Ces axes de circulation sont régulièrement retrouvés depuis les années 1980.

Un quartier artisanal


À Ratiatum, une zone dédiée à l’artisanat a été identifiée en périphérie sud de l’agglomération, dans le quartier de la Bourderie.

À Ratiatum, une zone dédiée à l’artisanat a été identifiée en périphérie sud de l’agglomération, dans le quartier de la Bourderie (entre le Chronographe et la Maison Radieuse). On y fabriquait du verre mais surtout de la céramique commune : cette production importante est celle d'objets du quotidien, réservés à une clientèle locale.

Ce quartier planifié dès le 1er siècle par des voies et des îlots à bâtir, est resté en partie inhabité. Seule une partie de la zone a été occupée : par un verrier au 1er siècle et un potier au 2e siècle. L'installation en périphérie d'ateliers d'artisans était courante pour éviter les nuisances liées aux activités.

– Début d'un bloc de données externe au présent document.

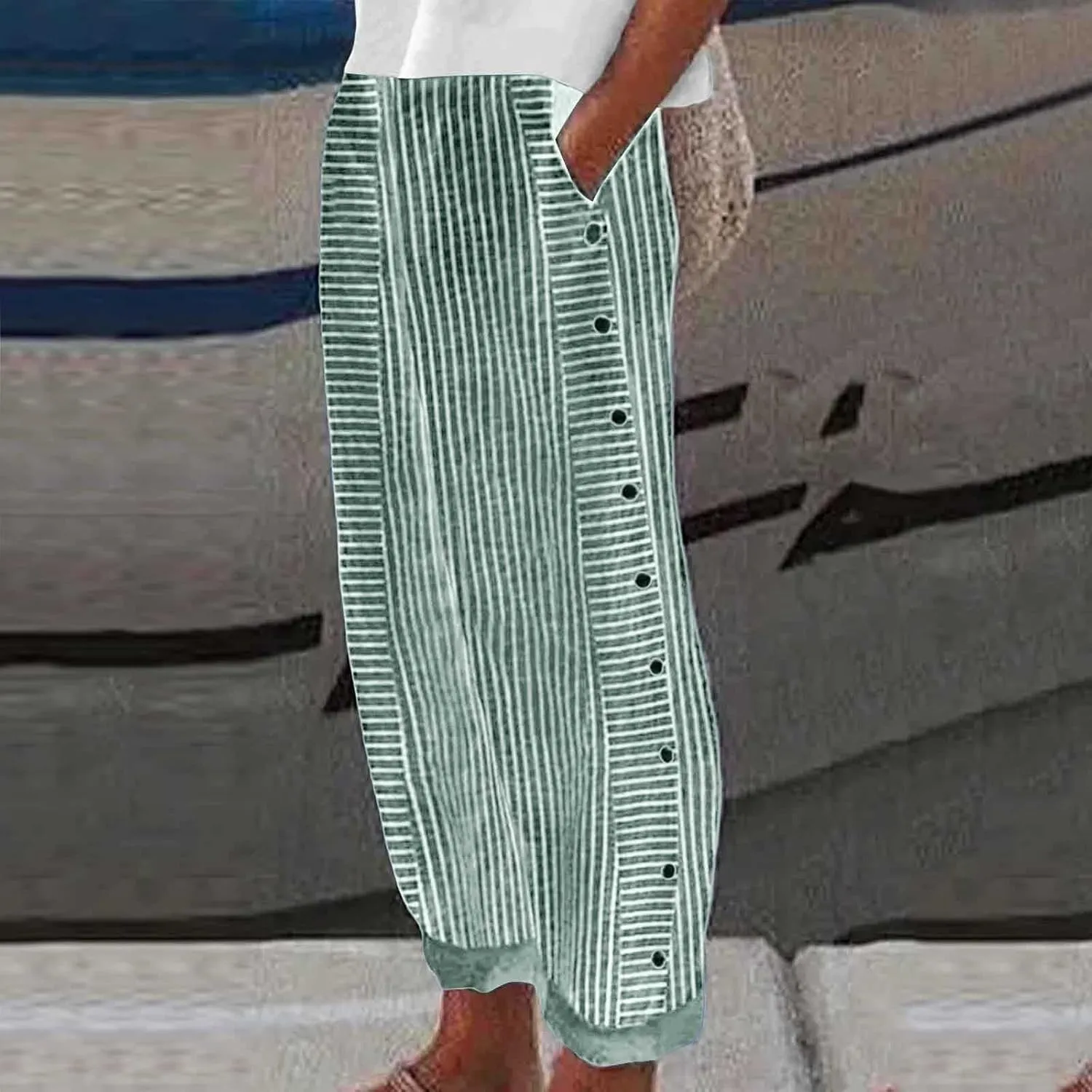 Casual Pants for Women Striped Side Button Elastic Waist Trendy Pants Straight Leg Lightweight Trousers with Pocket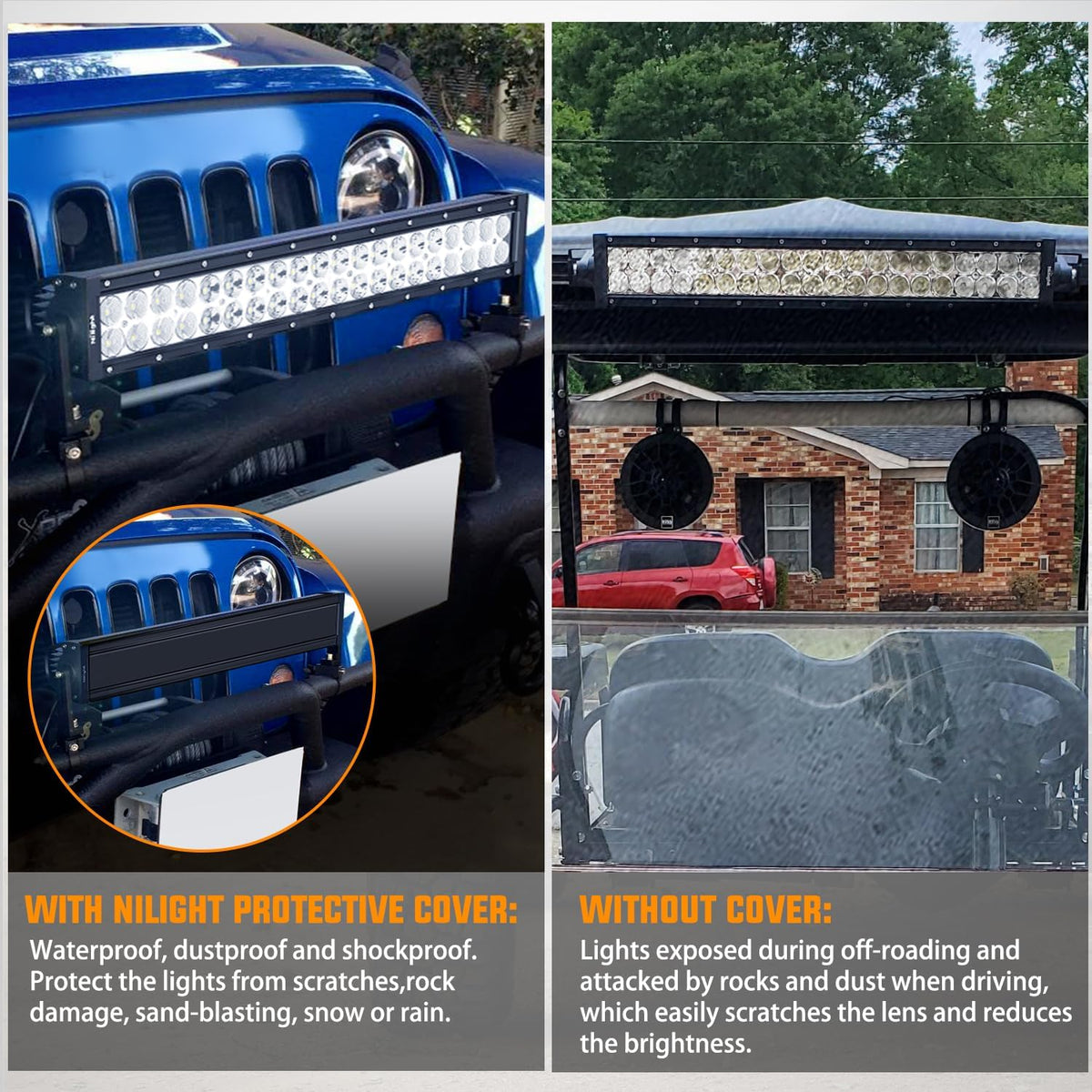 22 Inch Spot Flood Combo LED Light Bar Black Cover | Protective Durable Polycarbonate Lens, Waterproof Dustproof Scratch-Proof for Side-Mounted Bumper Off Road Driving Fog Lamp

L’évolution des techniques (canne à souffler, soufflage dans des moules) a entraîné, à partir du 1er siècle après J.-C., une multiplication des ateliers de verrier, localisés en périphérie des agglomérations. L’atelier découvert sur le site de la Bourderie, dont l’activité date de la seconde moitié du 1er siècle, semble s'être spécialisé dans une production fondée sur le recyclage du verre. La présence de bancs d'argile a sans doute favorisé l'installation d'un potier au 2e siècle au lieu-dit de la Bourderie. Un dispositif d'affinage de l'argile a été identifié, ainsi qu'un puits assurant l'approvisionnement en eau. À proximité, deux fours ont été mis au jour. Cet atelier produit essentiellement pots à cuire et marmites mais l’on trouve également quelques figurines en terre cuite blanche, fabriquées par surmoulage de pièces produites le long de l’Allier. Ces pièces montrent les contacts existant entre les différents centres de production en Gaule.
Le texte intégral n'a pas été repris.